Greens and NUS to mount electoral assault on Lib Dems

The Liberal Democrats are facing twin electoral assaults from the Green Party and the National Union of Students in the wake of the party's U-turn on tuition fees

The Independent understands the Greens are drawing up a strategy to target Liberal Democrat MPs in the most marginal seats – a move which could potentially unseat up to 10 per cent of the party's MPs.

The Greens are unlikely to win the seats but they could do what UKip has done to the Conservatives and win enough votes to deprive the Liberal Democrats of a majority in several seats across the country.

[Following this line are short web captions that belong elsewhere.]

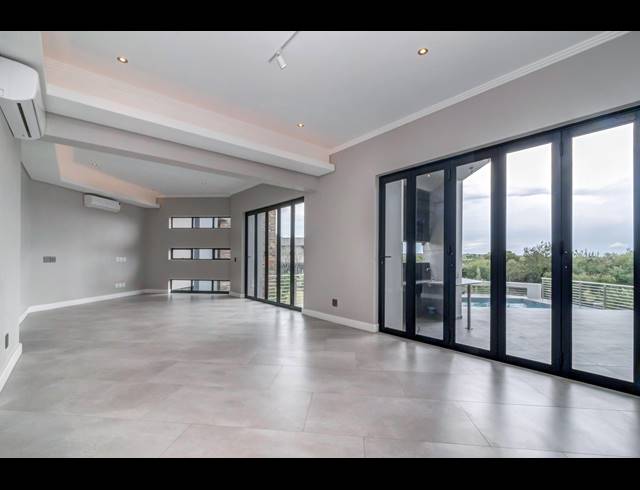 5 BEDROOM HOUSE FOR SALE IN STEYN CITY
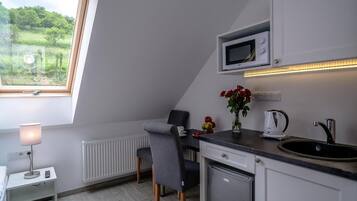 Electric kettle, cookware/dishes/utensils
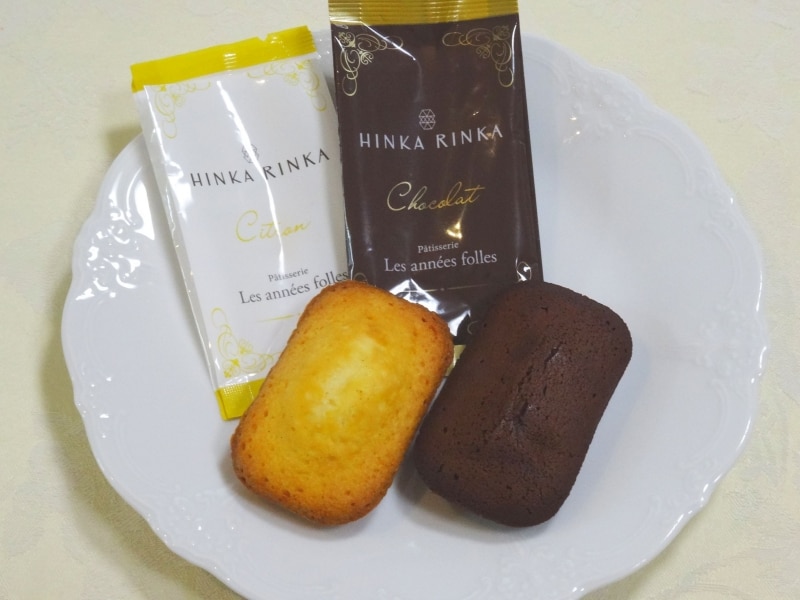 「パティスリー レザネフォール」の「ヒンカリンカ シトロン」と「ヒンカリンカ ショコラ」（各税込253円）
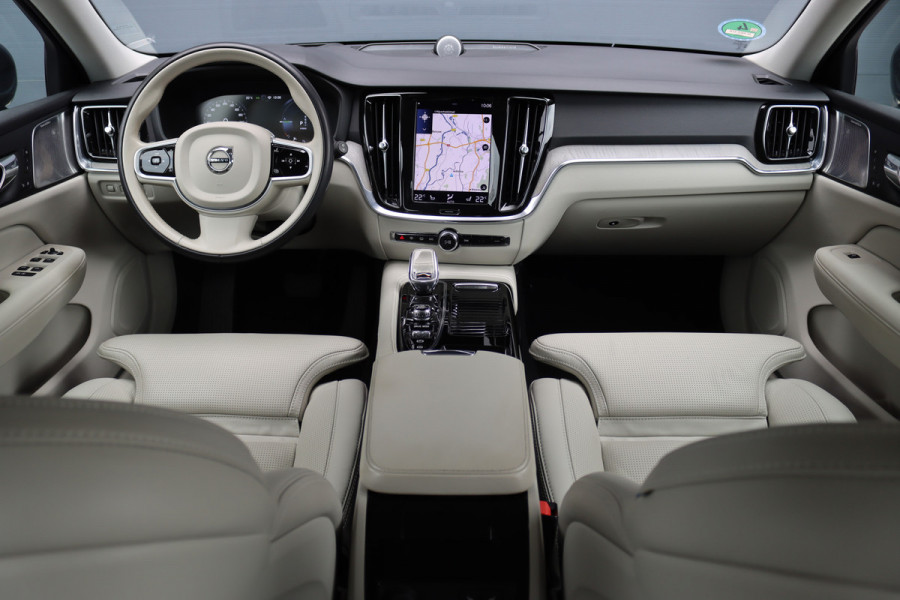 Volvo V60 2.0 T8 Twin Engine AWD Inscription | Bowers&Wilkins | Massage | Trekhaak | Memory | HUD | ACC | Stoelventilatie | Verwarmd Stuurwiel | Nappa Leder | IntelliSafe PRO |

At the same time the NUS has announced plans to target high profile Liberal Democrat-held constituencies with large student populations including Nick Clegg's constituency of Sheffield Hallam and Don Foster's in Bath. They are also considering putting up a candidate in the Oldham East and Saddleworth by-election – which the Liberal Democrats hope to win from Labour following the ejection of former immigration minister Phil Woolas. The election will be the first big test of the Coalition's popularity.

The Liberal Democrats, who have 57 MPs, are particularly vulnerable to the Greens in three key university seats: Norwich South, Manchester Withington and Cambridge.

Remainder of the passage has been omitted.